LISTED ENTRIES –
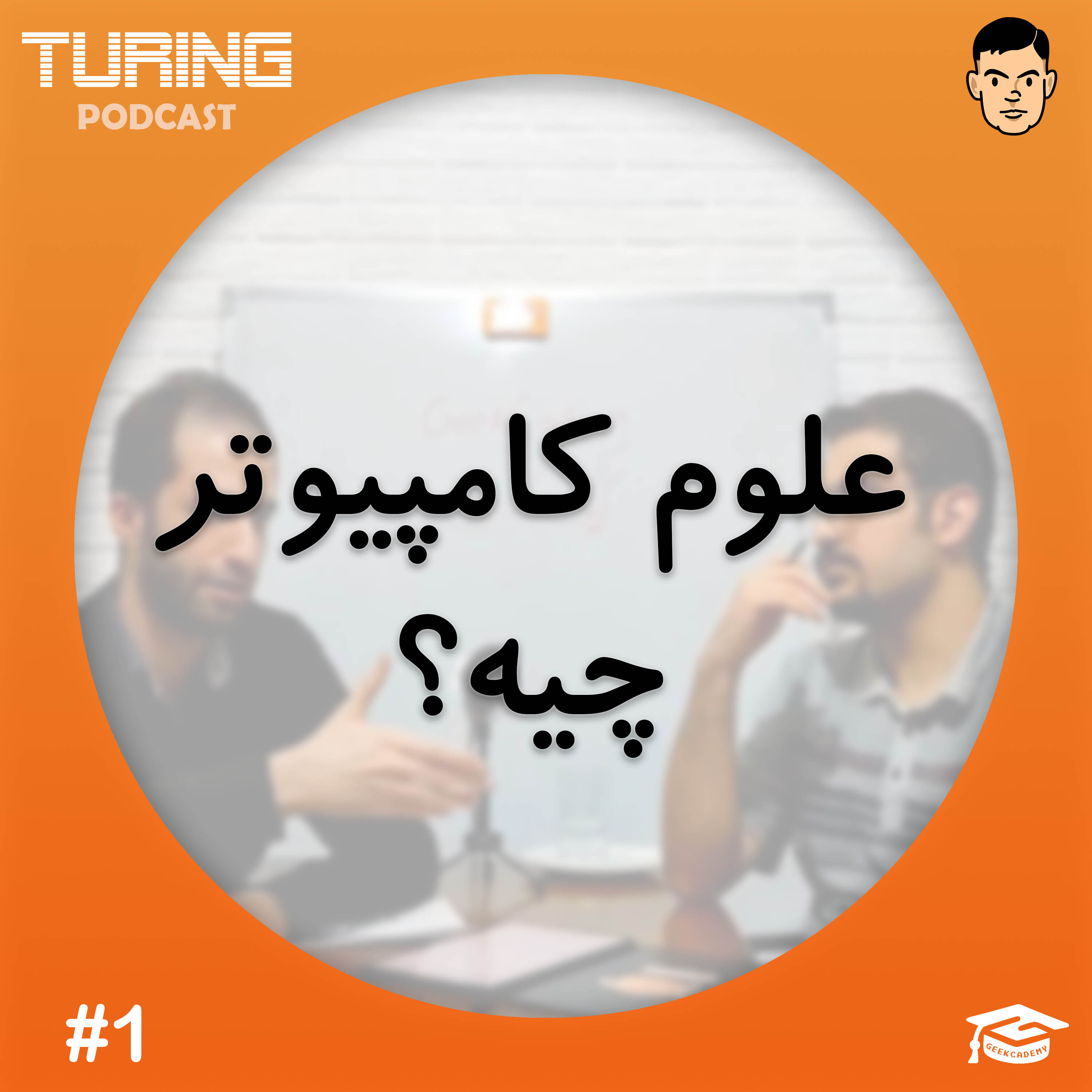 کاور اپیزود۱: علوم کامپیوتر چیه؟ تعریف رشته علوم کامپیوتر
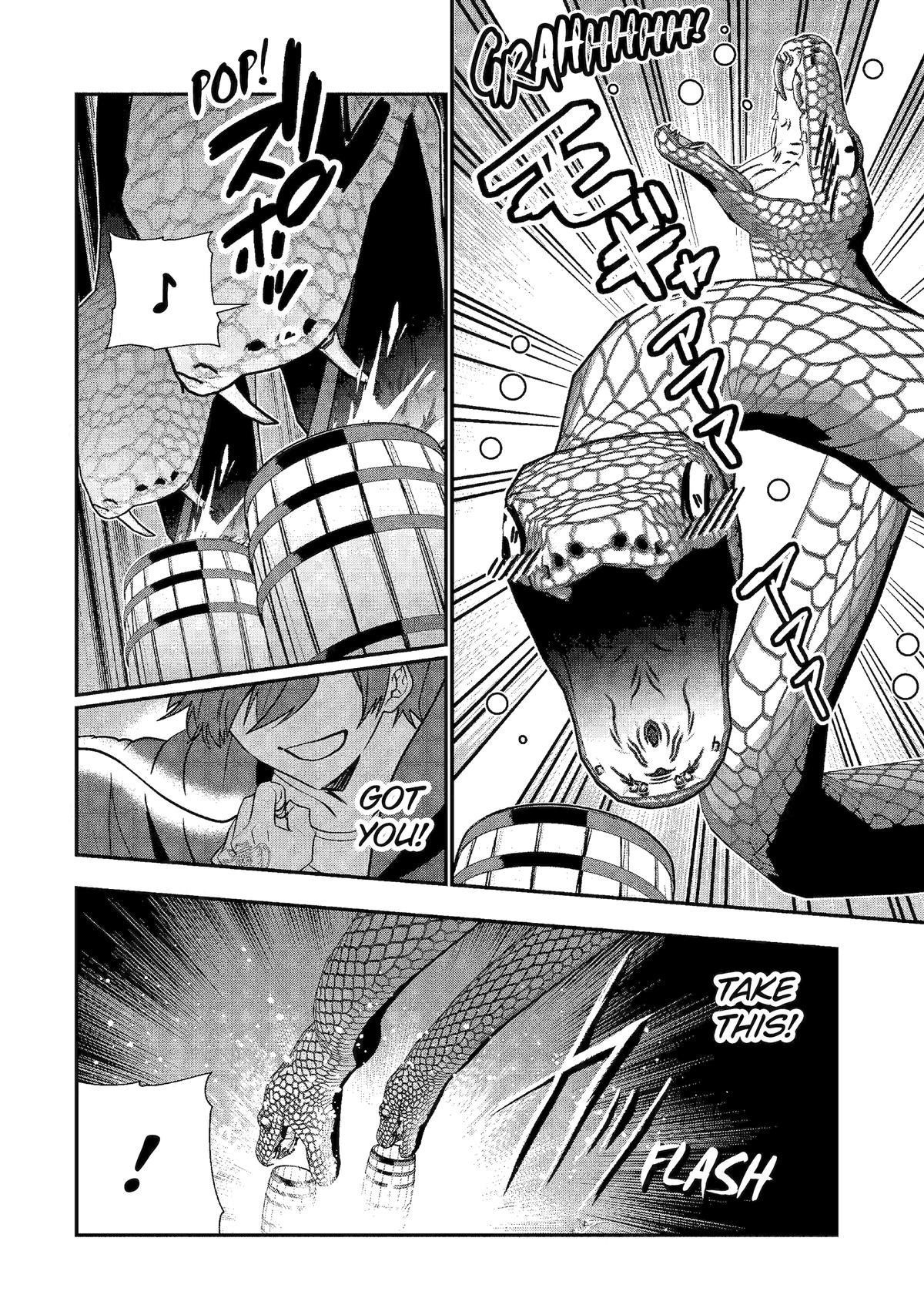 I Was Fired as an Adventurer, so I Became an Alchemist! Chapter 47 - Page 20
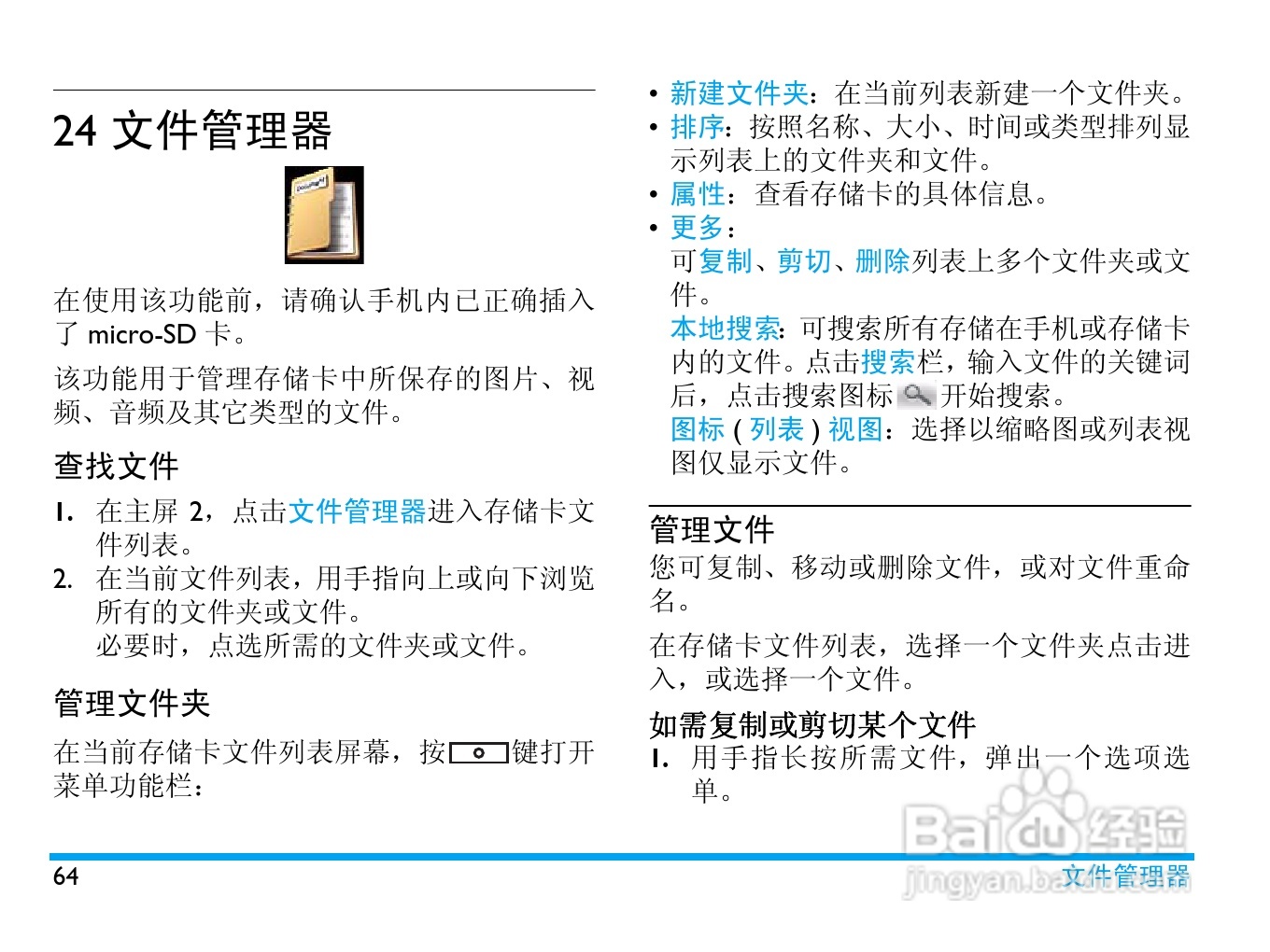 飞利浦 V900使用说明书:[7]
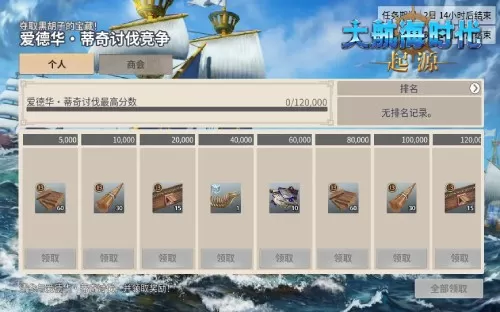 《大航海时代:起源》新版本今日开启,多重福利护航远洋征程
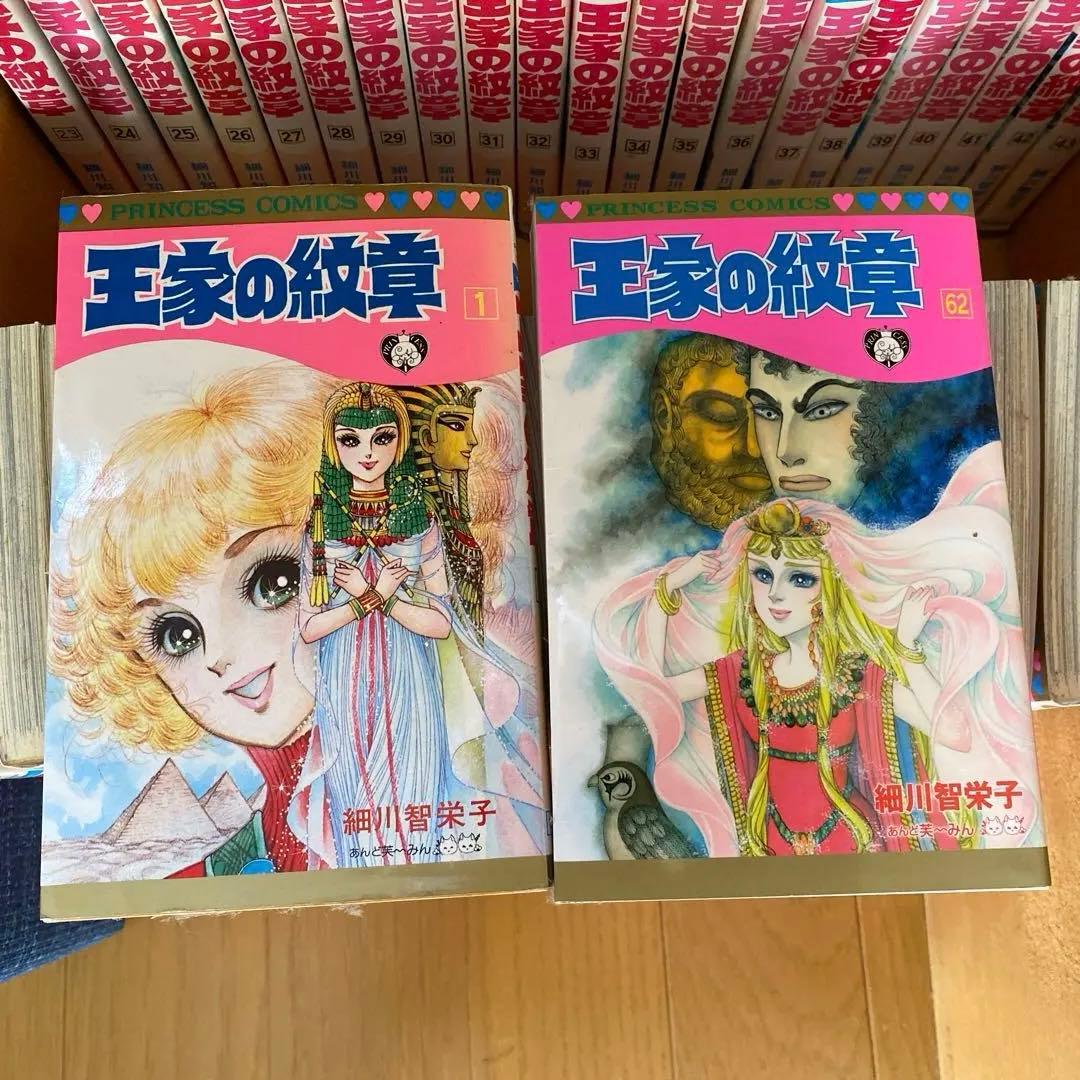 王家の紋章 1〜62巻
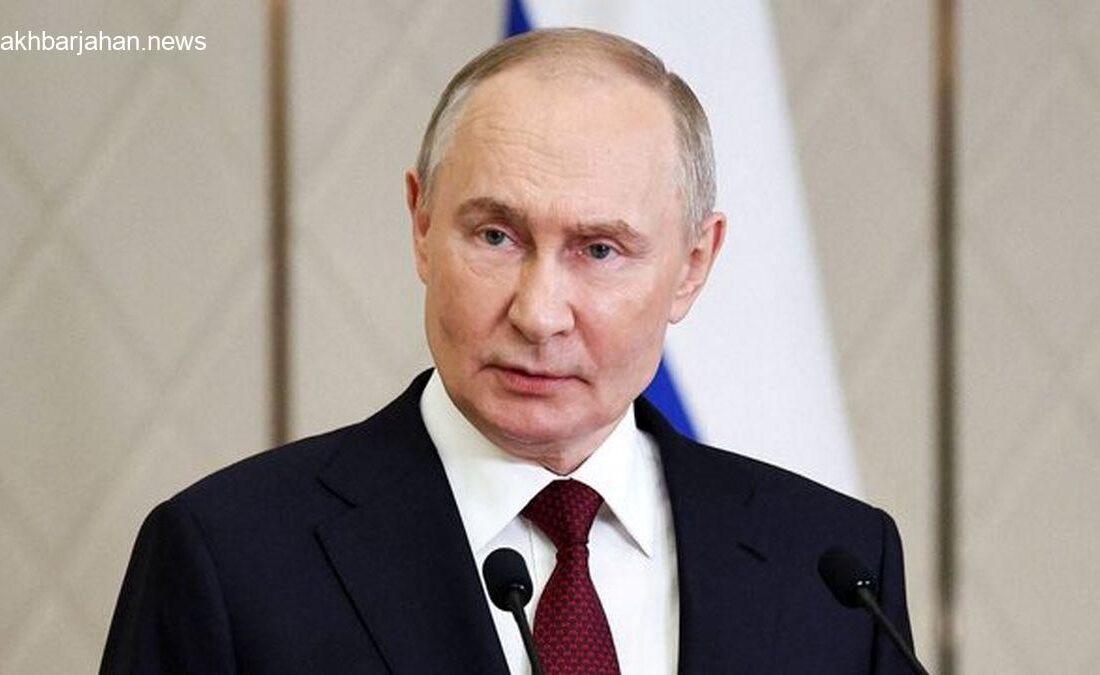 واکنش جنجالی پوتین درباره ایران، سوژه رسانهها شد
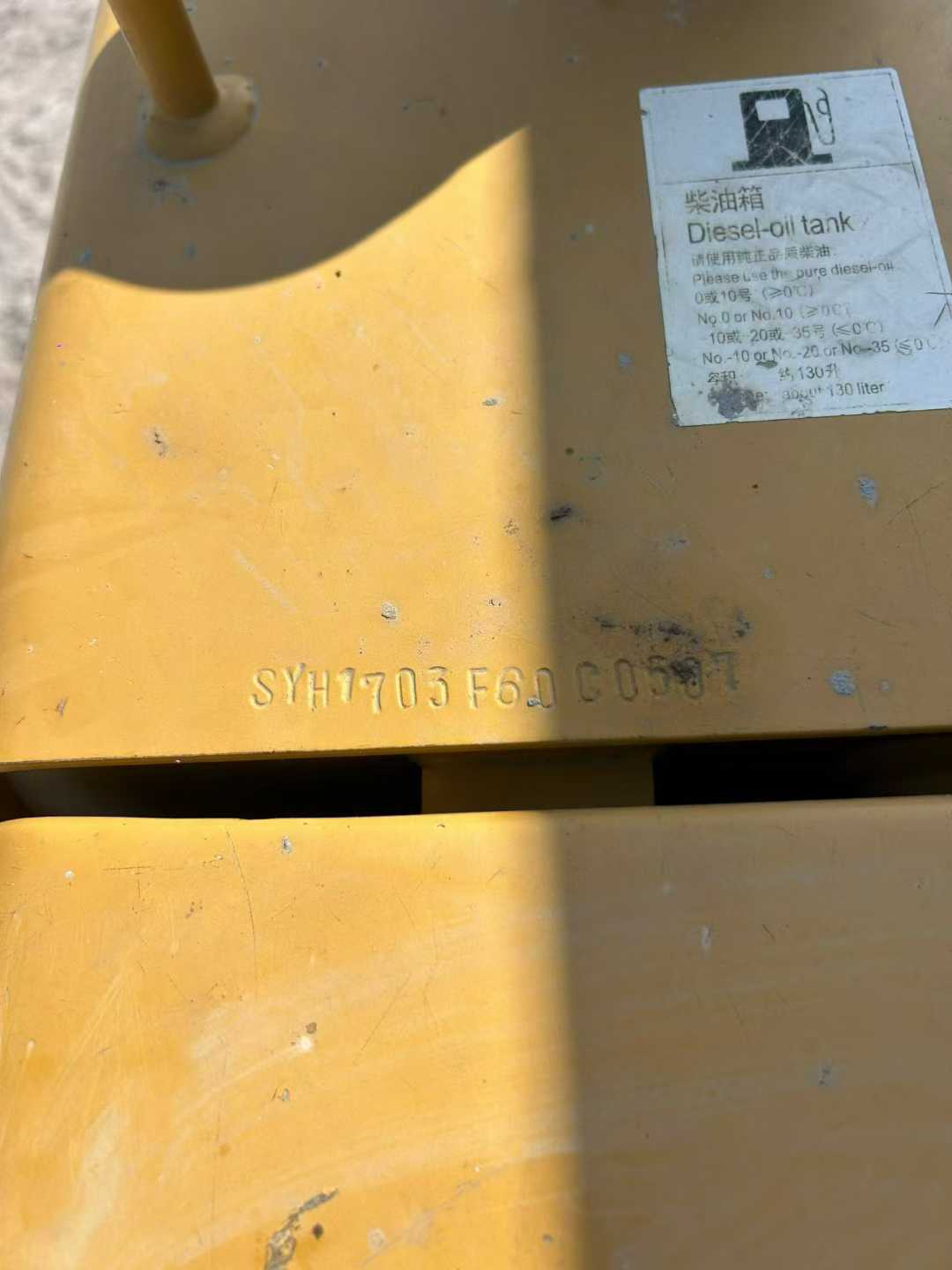 Used Sany SY55 Excavator 2017 Model / 2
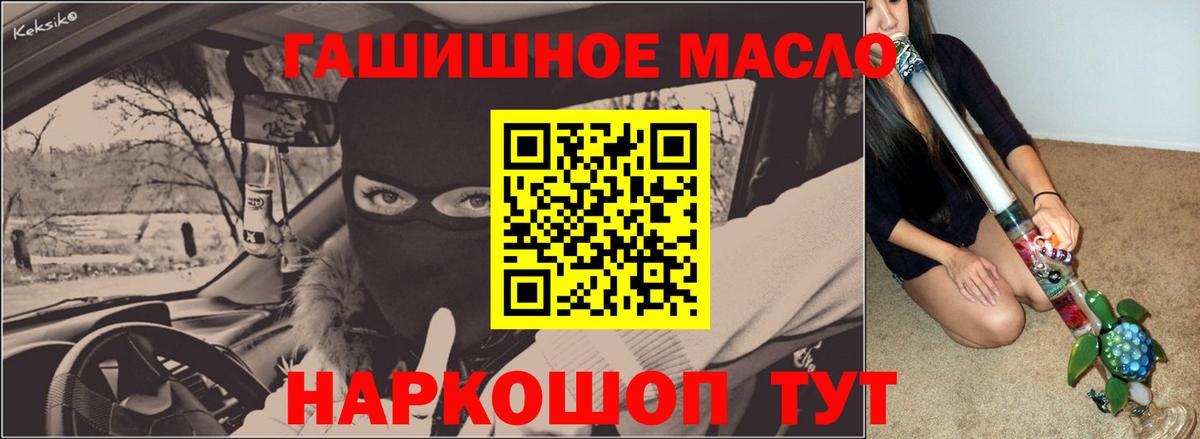 Амфетамин Глазов
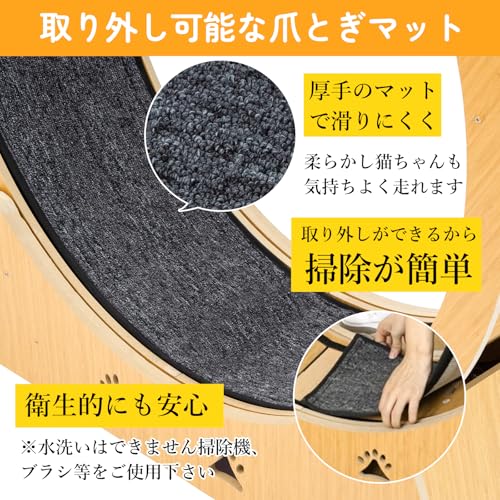 Shinyever キャットホイール 猫の車輪 猫用トレッドミル 直径100cm 猫ランニングホイール 回し車 猫用回し車 運動不足解消 低騒音とロック装置 の商品画像 3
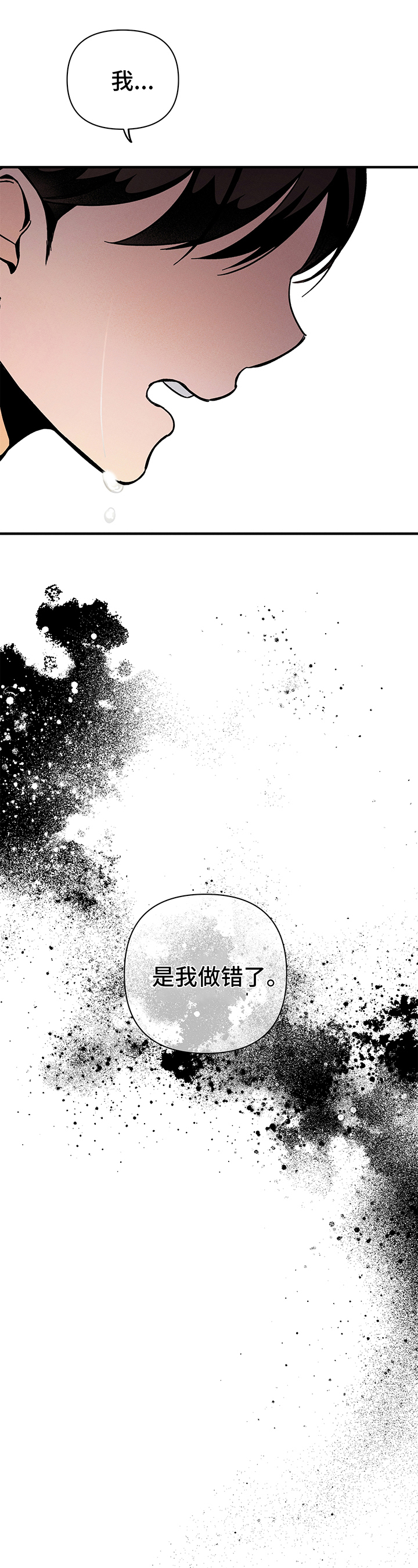 《耳边轻语》漫画最新章节第2章：错误免费下拉式在线观看章节第【4】张图片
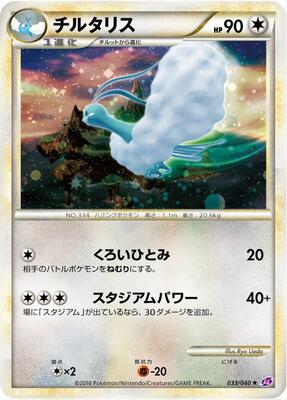 Altaria card from LL: Lost Link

DESCRIPTION OF THE TASK –
The answer should consist solely of the lines from the one containing "Shinyever キャットホイール 猫の車輪" through the last line of the material, copied exactly, with pictures left out.

OUTPUT BELOW –
 Shinyever キャットホイール 猫の車輪 猫用トレッドミル 直径100cm 猫ランニングホイール 回し車 猫用回し車 運動不足解消 低騒音とロック装置 の商品画像 3
 《耳边轻语》漫画最新章节第2章：错误免费下拉式在线观看章节第【4】张图片
 Altaria card from LL: Lost Link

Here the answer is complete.